Indonesia’s Economy Grows 5.12 Percent in Q2 of 2025, Exceeding Market Expectations

Jakarta – Indonesia’s economic growth in the second quarter of 2025 was recorded at above 5 percent, namely 5.12 percent year-on-year (yoy). This figure is higher than the first quarter of 2025, which was 4.87 percent, and the second quarter of 2024, which was 5.05 percent.

Permata Bank Chief Economist Josua Pardede said that Indonesia’s economic growth had accelerated significantly and exceeded market expectations.

“Indonesia’s economic growth accelerated significantly in the second quarter of 2025, exceeding market expectations,” Josua said when contacted by Infobanknews on Tuesday, August 5, 2025.

Josua stated that Indonesia’s Gross Domestic Product (GDP) grew by 5.12 percent yoy, far above the consensus projection of growth below 5 percent. This figure also shows an improvement compared to the 4.87 percent growth in the first quarter of 2025.

“However, cumulatively, economic growth in the first half of 2025 was recorded at 4.99 percent yoy, or slightly below the psychological threshold of 5 percent,” he said.

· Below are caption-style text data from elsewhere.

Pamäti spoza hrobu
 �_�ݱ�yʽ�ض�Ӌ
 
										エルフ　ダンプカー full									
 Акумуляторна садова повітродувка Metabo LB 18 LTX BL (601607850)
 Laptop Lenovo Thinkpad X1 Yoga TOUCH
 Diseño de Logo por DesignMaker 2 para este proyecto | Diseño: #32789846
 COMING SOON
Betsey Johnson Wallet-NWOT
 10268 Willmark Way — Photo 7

From the expenditure side, the acceleration in GDP growth in the second quarter of 2025 was supported by an increase in household consumption and a sharp surge in Gross Fixed Capital Formation (GFCF).

Household consumption recorded growth of 4.97 percent yoy, slightly higher than 4.95 percent yoy in the previous quarter, in line with increased mobility and spending during the national holiday period, including Eid al-Fitr.

Meanwhile, PMTB grew rapidly from 2.12 percent yoy to 6.99 percent yoy, driven by higher government capital spending and increased imports of capital goods.

Overall, the contribution of household consumption and PMTB to growth reached 4.70 percentage points (ppt), a significant increase compared to the 3.29 ppt contribution in the first quarter of 2025.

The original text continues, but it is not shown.